JoshData / pdf-redactor

A general purpose PDF text-layer redaction tool for Python 2/3.
Creative Commons Zero v1.0 Universal
180 stars 61 forks source link

pdfrw now decode Unicode strings in Python 3 #11

Closed tridemax closed 5 years ago

tridemax commented 6 years ago

As pdfrw now uses Unicode for PdfString (https://github.com/pmaupin/pdfrw/commit/d8a9292ad651dfdfc674f38121198cf1bc10240d) pdf-redactor fails with an error on this new version:

"pdf_redactor.py", line 676, in toUnicode
    string = string.encode("Latin-1")
UnicodeEncodeError: 'latin-1' codec can't encode characters in position 4-7: ordinal not in range(256)
JoshData commented 6 years ago

Thanks. That should simplify things. But it will take some testing to update this library. Would be glad to have some help.

tridemax commented 6 years ago

Not a problem - I’ve tried to fix it right away but had some issues, probably because of loose understanding of what is going on with Unicode differences for Python 2 and 3. But testing and fixing should be a bit easier if you can provide a general direction.

JoshData commented 6 years ago

There are a few places that I had to work around weird Latin-1 encoding:

https://github.com/JoshData/pdf-redactor/search?utf8=%E2%9C%93&q=latin&type=

Those parts might be no longer necessary, which would be great.

Other than that, off hand I don't really know. :)
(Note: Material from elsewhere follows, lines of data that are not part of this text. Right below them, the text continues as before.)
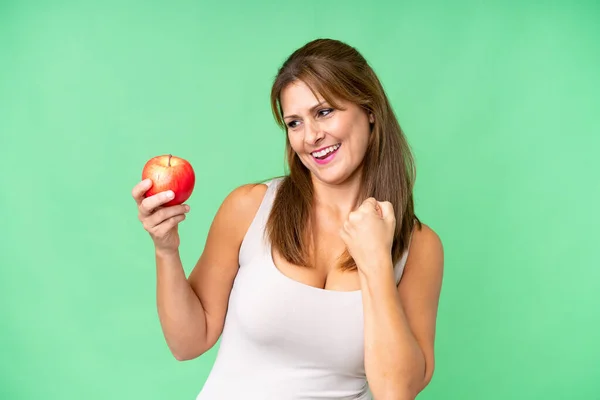 Frau Mittleren Alters Mit Einem Apfel Vor Isoliertem Hintergrund Feiert — Stockfoto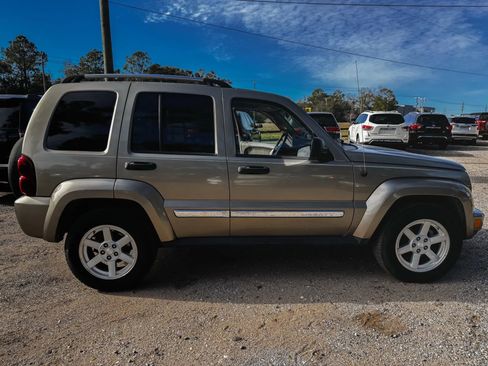 Used 2007 Jeep Liberty Limited image 8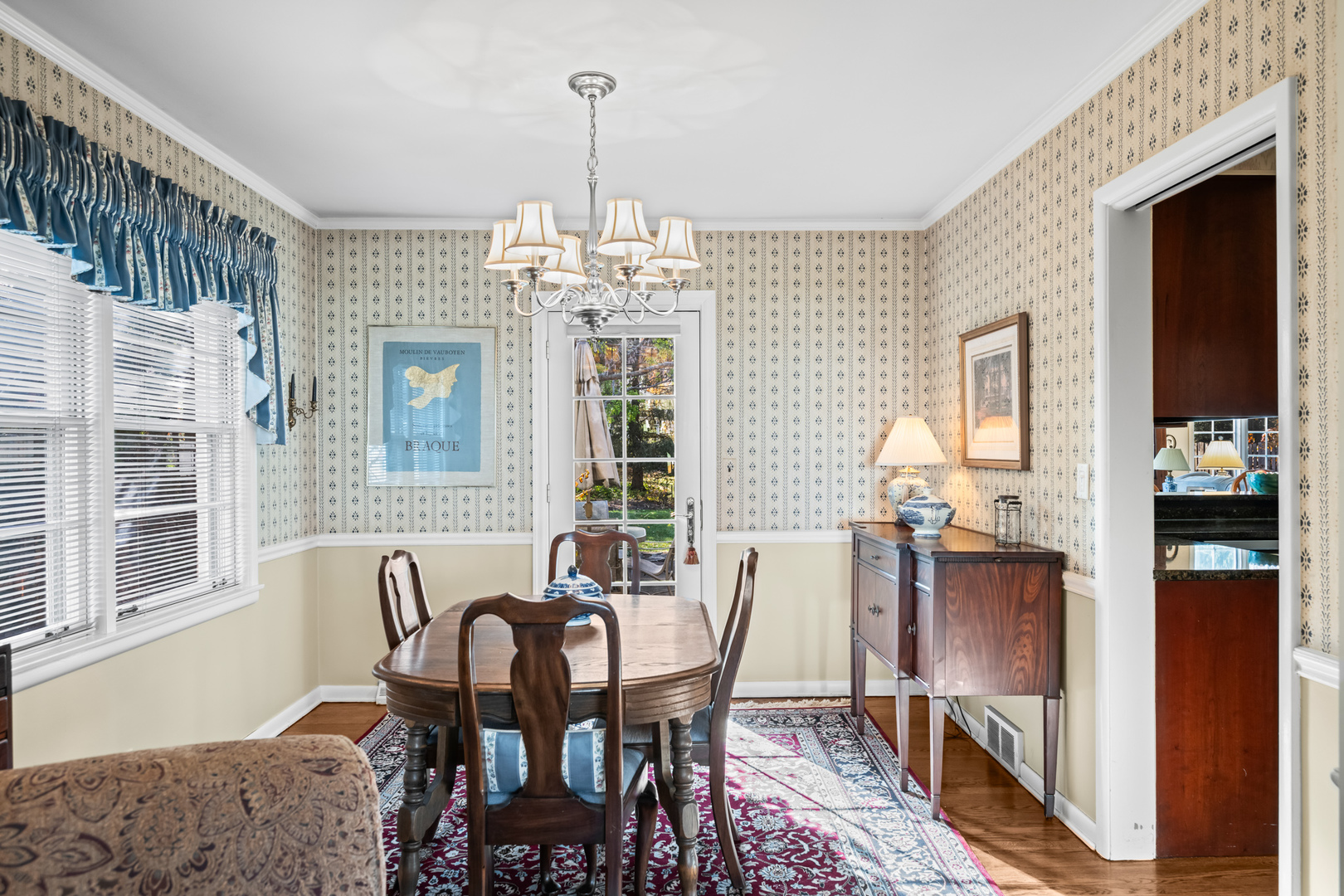 428 S Banbury Road, Arlington Heights, IL 60005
anilkumar-pcs commented 6 years ago

Hey @JoshData

I am facing issue with executing the example.py with the test pdf i.e. /tests/test-ssns.pdf Error: Traceback (most recent call last): File ".\example.py", line 47, in <module> pdf_redactor.redactor(options) File "E:\BankerBay\Python\PDFEdit\pdf-redactor-master\pdf_redactor.py", line 110, in redactor text_layer = build_text_layer(document, options) File "E:\BankerBay\Python\PDFEdit\pdf-redactor-master\pdf_redactor.py", line 488, in build_text_layer prev_token[i] = make_mutable_string_token(prev_token[i]) File "E:\BankerBay\Python\PDFEdit\pdf-redactor-master\pdf_redactor.py", line 460, in make_mutable_string_token token = TextToken(token.decode(), current_font) File "E:\BankerBay\Python\PDFEdit\pdf-redactor-master\pdf_redactor.py", line 410, in __init__ self.original_value = toUnicode(value, font, fontcache) File "E:\BankerBay\Python\PDFEdit\pdf-redactor-master\pdf_redactor.py", line 699, in toUnicode fontcache[font.ToUnicode.stream] = CMap(font.ToUnicode) File "E:\BankerBay\Python\PDFEdit\pdf-redactor-master\pdf_redactor.py", line 639, in __init__ add_mapping(code_to_int(code), char) File "E:\BankerBay\Python\PDFEdit\pdf-redactor-master\pdf_redactor.py", line 560, in add_mapping code = bytes([code]) ValueError: bytes must be in range(0, 256)

Can you please help me fixing this?

Thanks

JoshData commented 6 years ago

Unfortunately I'm not going to have time to look into it for at least a few weeks, sorry.

JoshData commented 6 years ago

I've pushed a fix for using pdfrw 0.4. Let me know if it solves your problem!

Thanks for reporting the issue.